Huachun Zhong, Nationwide Children\'s Hospital
Peter White, The Research Institute at Nationwide Children\'s Hospital

Abstract:
Next generation sequencing (NGS) technologies have revolutionized genetic research and have empowered a dramatic increase in the discovery of new functional variants that are responsible for both Mendelian and common diseases. The output from NGS instrumentation is profoundly out-pacing Moore’s Law, and currently a single Illumina Hiseq 2000 is capable of producing 600 billion bases of sequencing output in under two weeks. Compounded by sharply falling sequencing costs, this exponential growth in NGS data generation has created a computational and bioinformatics bottleneck in which current approaches can take months to complete analysis and interpretation. This reality has created an environment where the cost of analysis exceeds the cost of physically sequencing the sample.

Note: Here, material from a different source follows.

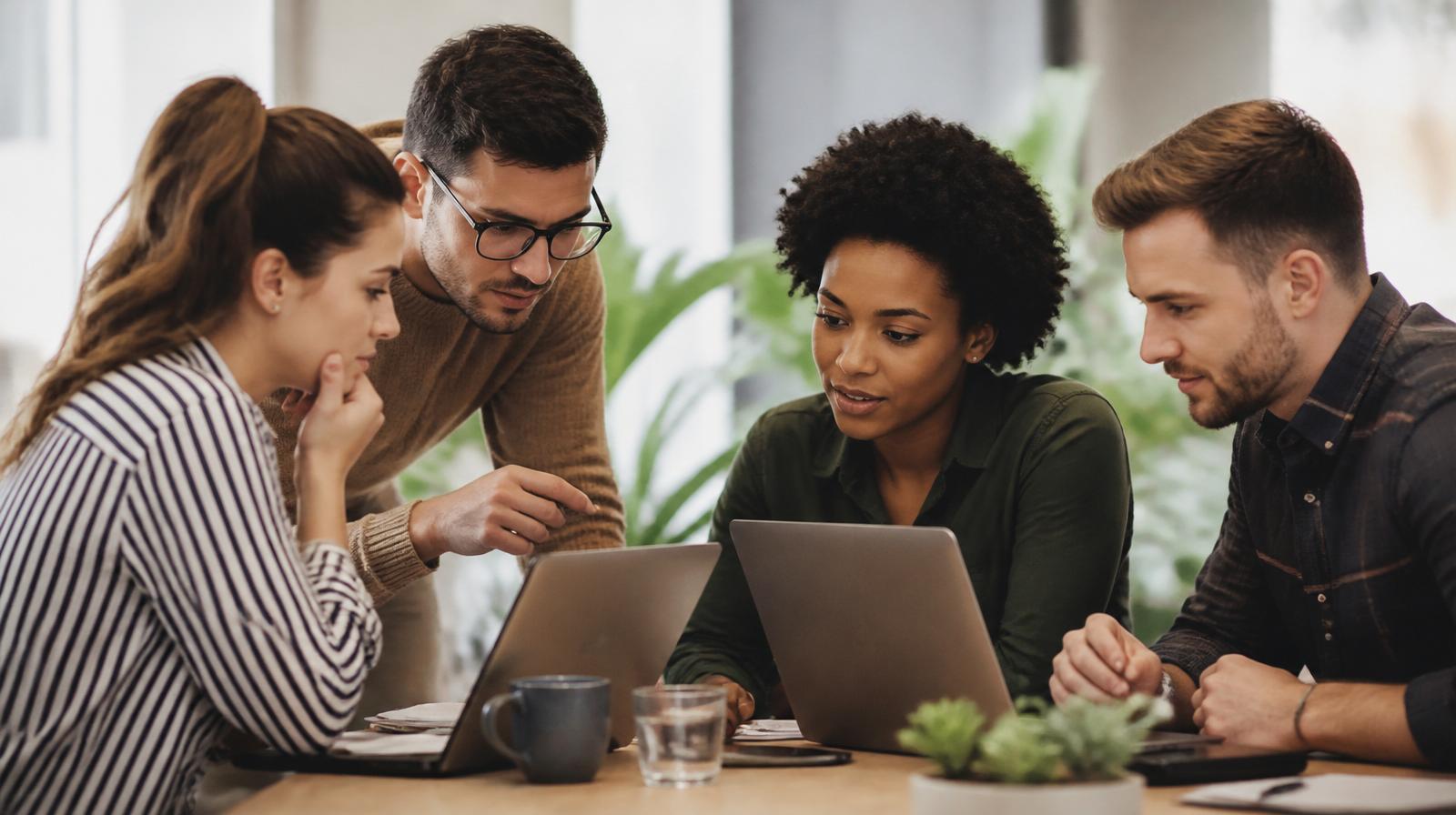 Equipo de trabajo colaborando con portátiles en una oficina luminosa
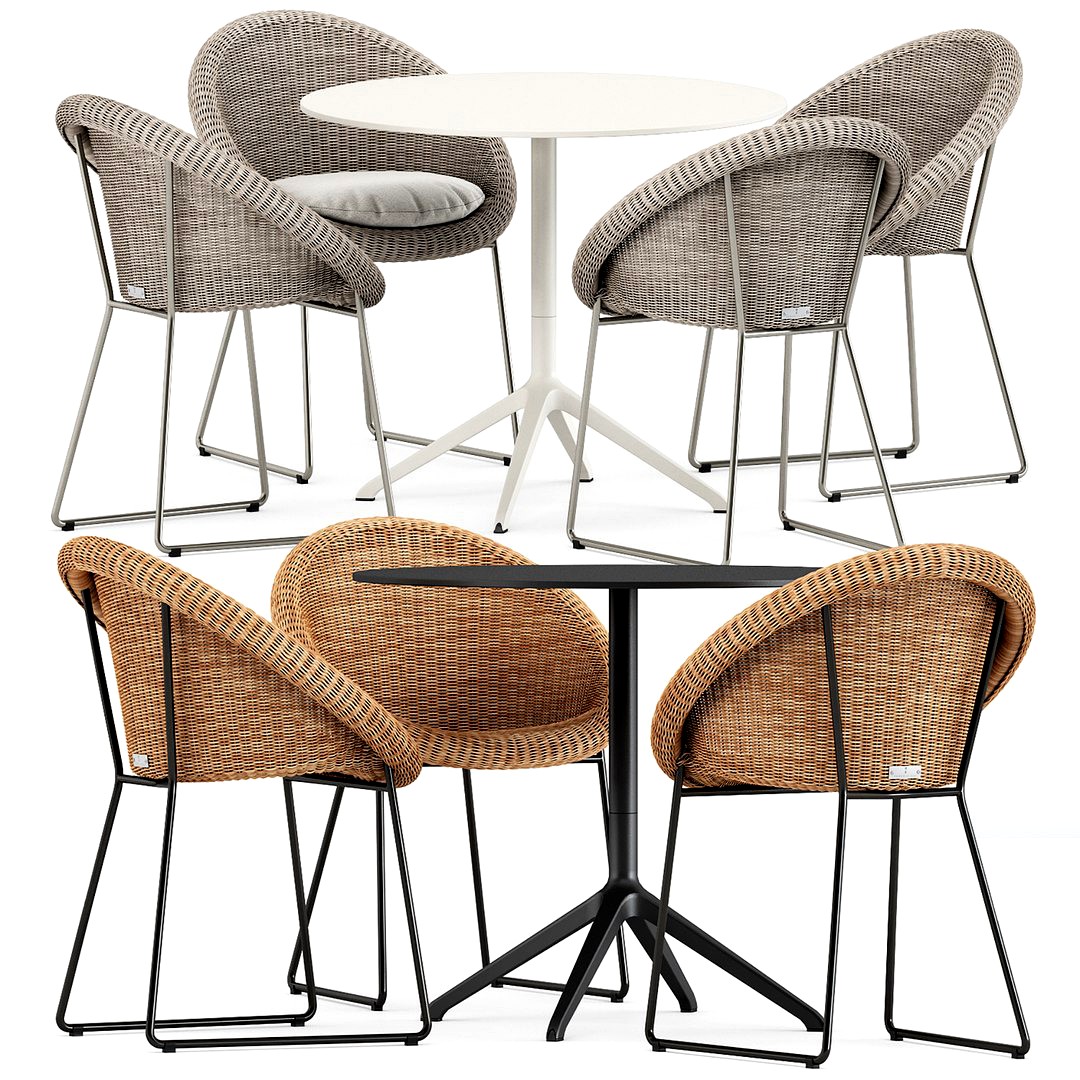 Gigi II Armchair by Janus et cie and Elephant round table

To overcome these challenges we have developed a computational pipeline (CHURCHILL) that fully automates the multiple steps required to go from raw sequencing reads to comprehensively annotated genetic variants. Through implementation of novel parallelization approaches we have dramatically reduced the analysis time from weeks to hours. Compared with GATK-Queue script, our workflow implementation is simpler, faster, and more widely applicable to various shared memory/distributed High Performance Computing clusters. Furthermore, our modular pipeline has been designed with the flexibility to incorporate other analysis tools as they become available. Through comprehensive automation and parallelization of genome data analysis pipelines we present an elegant solution to challenge of rapidly identifying human genetic variation in a clinical research setting.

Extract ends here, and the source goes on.